Hace unos años nos han reemplazado, pero afortunadamente aún nos queda familia, como podemos ver.

También hubo otra época en que fuimos famosos, cuando los árabes eran sabios, estos construían unas zapatillas para salir de sus baños, hechas con nuestra corteza.

Se hicieron famosas, los aldeanos las utilizaron para caminar por las veredas de tierra, eran duraderas y flotábamos sobre el polvo y barro del camino. Pronto llegaron a la ciudad, se llamaban chapines y eran hechas de corcho por ser livianas y duraderas; luego ascendieron hasta la corte donde las damas con sus largos vestidos podían crecer más rápido:

                                              Chapines he visto yo
                                              de corcho y de altura tanta,
                                              que a una enana hacen giganta.

                                                                         Tirso de Molina


Tampoco Quevedo pudo contenerse:

                                            Altas mujeres verás,
                                           pero son como colmenas
                                           la mitad huecas y corcho
                                           y la mitad miel y cera

Y Miguel de Cervantes se acuerda de nosotros 17 veces en su famoso libro.

Sin embargo, una de las conexiones más complejas y duraderas que hemos mantenido con los humanos ha sido con el cierre de vasijas. Por un lado, nuestra corteza es fácil de trabajar y por otra es flexible, por lo que podemos hacer fácilmente a cualquier tipo de envase, un ajuste hermético.

Las vasijas de aceite y vino, almacenes de las cosechas anuales, usaban nuestras tapaderas, de igual manera los codiciados frascos con penetrantes perfumes del Oriente, necesitaban nuestros tapones.

Es en este punto donde comienza a desarrollarse una historia de profunda hermandad entre el humano, el mundo vegetal, la uva, el alimento de esta, la tierra, el sol que le daba la alegría de vivir y yo, el alcornoque. 

Todo comenzó como lo hacen los niños, jugando. 

Por siglos nosotros tapábamos los envases, pero en la medida que se fue expandiendo el consumo del jugo de la uva y se aprendió a controlar su fermentación, el cierre de los envases se convirtió en algo más crítico.

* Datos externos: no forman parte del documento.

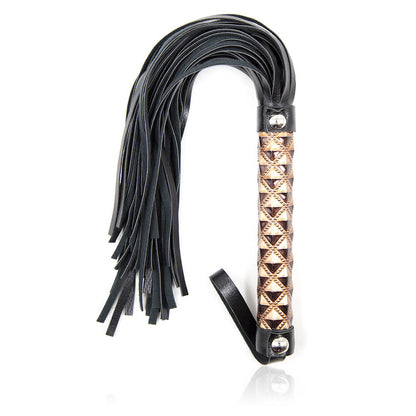 39cm Faux Leather SM Rope Flogger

A mediados del siglo XVII, Pierre Perignon, un monje francés, con afán de controlar la doble fermentación de sus vinos, en su constante proceso de mejora, descubrió que mi corteza era la única que podía ayudarle a hacerlo. 

Hizo un cambio en el corte del tapón sacado de mi corteza, para permitir un cierre más hermético y solamente con esto, comenzó una nueva etapa en la historia de nuestra hermandad.

En el siglo XX casi todos los vinos eran envasados y solo los iniciados en nuestra hermandad comenzaron a evaluar la importancia de nuestra unión. 

Vieron como el buen vino mejoraba con el tiempo, gracias a la microoxigenación. Algo que, aunque muchos lo han tratado, solamente lo puedo hacer yo. 

Yo permito dejar pasar el aire necesario para que un vino, de bueno para arriba, se afine y notablemente mejore en su botella.

Muchos destructores del medio ambiente tratan de usurpar nuestro lugar en la hermandad, hasta han tratado de envenenarnos (TCA) mas no podrán lograrlo, pues a mí me hizo Dios y no el mal humano.

Pero, aunque son muchos los que lo desean, son muy pocos los elegidos; son muchos los que beben vino, pero muy pocos los que lo degustan.

Para ser partícipe en nuestra hermandad tenemos que amar lo que somos y de dónde venimos, uniendo nuestra herencia y reconociendo el papel que cada uno jugamos en el proceso de nuestra unión, para así dejar de pensar que solamente soy un árbol, y sí un socio activo, parte de nuestro mundo como un miembro más. 

Y así os distinguiréis: 

Sólo seréis aquellos, los que degusten un vino en una botella, de cristal con tapón de corcho.